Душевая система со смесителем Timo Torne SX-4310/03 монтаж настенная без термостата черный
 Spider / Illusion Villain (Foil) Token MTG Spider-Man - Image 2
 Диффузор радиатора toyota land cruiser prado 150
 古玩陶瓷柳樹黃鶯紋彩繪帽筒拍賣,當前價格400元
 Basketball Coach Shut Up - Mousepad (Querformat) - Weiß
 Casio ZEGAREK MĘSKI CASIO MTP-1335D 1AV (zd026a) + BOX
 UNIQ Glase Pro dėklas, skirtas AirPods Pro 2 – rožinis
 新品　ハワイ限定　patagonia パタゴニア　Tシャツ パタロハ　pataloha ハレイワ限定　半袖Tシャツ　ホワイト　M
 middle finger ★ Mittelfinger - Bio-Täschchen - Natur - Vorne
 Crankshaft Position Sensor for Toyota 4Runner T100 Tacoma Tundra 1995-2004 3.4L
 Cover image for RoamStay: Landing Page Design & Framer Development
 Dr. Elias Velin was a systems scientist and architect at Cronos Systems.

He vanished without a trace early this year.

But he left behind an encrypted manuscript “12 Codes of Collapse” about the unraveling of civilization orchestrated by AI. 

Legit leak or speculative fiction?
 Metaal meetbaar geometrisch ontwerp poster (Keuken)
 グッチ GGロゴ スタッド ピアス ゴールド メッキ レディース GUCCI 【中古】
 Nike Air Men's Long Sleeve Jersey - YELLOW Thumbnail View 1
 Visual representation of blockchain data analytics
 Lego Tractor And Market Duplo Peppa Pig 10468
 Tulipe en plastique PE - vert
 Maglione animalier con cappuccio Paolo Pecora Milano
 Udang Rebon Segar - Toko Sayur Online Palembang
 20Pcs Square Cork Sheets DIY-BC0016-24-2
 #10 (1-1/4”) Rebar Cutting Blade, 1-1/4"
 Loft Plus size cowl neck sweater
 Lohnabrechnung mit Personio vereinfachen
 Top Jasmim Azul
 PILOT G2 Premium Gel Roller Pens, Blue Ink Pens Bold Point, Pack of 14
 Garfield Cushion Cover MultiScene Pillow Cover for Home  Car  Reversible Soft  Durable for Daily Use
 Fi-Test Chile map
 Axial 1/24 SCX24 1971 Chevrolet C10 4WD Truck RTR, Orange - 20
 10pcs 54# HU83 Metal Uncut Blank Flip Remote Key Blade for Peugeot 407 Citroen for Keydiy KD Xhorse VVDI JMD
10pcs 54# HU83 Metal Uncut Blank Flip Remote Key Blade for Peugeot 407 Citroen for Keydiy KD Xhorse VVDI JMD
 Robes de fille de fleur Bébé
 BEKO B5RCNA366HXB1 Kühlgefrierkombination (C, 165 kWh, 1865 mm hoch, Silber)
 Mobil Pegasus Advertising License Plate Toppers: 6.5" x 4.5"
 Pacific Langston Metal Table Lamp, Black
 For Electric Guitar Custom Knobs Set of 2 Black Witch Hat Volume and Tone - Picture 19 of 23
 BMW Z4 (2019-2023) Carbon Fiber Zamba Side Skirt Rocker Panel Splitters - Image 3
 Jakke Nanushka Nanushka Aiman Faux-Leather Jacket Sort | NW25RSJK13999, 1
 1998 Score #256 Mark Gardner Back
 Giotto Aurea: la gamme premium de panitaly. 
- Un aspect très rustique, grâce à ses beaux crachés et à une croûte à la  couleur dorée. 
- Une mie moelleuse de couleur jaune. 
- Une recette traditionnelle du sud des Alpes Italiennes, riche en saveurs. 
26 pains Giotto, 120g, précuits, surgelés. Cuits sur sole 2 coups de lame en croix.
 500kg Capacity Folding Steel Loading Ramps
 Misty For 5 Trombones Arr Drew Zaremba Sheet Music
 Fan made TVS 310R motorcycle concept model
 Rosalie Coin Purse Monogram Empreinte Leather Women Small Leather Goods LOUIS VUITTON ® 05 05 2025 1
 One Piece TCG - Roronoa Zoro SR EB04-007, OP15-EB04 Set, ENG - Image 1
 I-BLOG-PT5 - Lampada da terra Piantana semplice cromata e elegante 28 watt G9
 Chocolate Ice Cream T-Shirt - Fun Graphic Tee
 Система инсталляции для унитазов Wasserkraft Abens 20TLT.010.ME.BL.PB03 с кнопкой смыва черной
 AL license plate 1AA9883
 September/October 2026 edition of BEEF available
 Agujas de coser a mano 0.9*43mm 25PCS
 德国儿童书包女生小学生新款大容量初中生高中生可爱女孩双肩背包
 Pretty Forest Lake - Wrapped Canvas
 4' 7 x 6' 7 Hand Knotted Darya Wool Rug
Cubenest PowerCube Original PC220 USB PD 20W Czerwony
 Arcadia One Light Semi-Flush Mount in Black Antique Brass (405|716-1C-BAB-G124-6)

- - - - - - -

• _What the exercise asks_
Would you please write out, exactly and with no other lines, the stretch of the listing above from the line containing "Giotto Aurea: la gamme premium de panitaly." through the line containing "One Piece TCG"?

• _Finished task_
 Giotto Aurea: la gamme premium de panitaly. 
- Un aspect très rustique, grâce à ses beaux crachés et à une croûte à la  couleur dorée. 
- Une mie moelleuse de couleur jaune. 
- Une recette traditionnelle du sud des Alpes Italiennes, riche en saveurs. 
26 pains Giotto, 120g, précuits, surgelés. Cuits sur sole 2 coups de lame en croix.
 500kg Capacity Folding Steel Loading Ramps
 Misty For 5 Trombones Arr Drew Zaremba Sheet Music
 Fan made TVS 310R motorcycle concept model
 Rosalie Coin Purse Monogram Empreinte Leather Women Small Leather Goods LOUIS VUITTON ® 05 05 2025 1
 One Piece TCG - Roronoa Zoro SR EB04-007, OP15-EB04 Set, ENG - Image 1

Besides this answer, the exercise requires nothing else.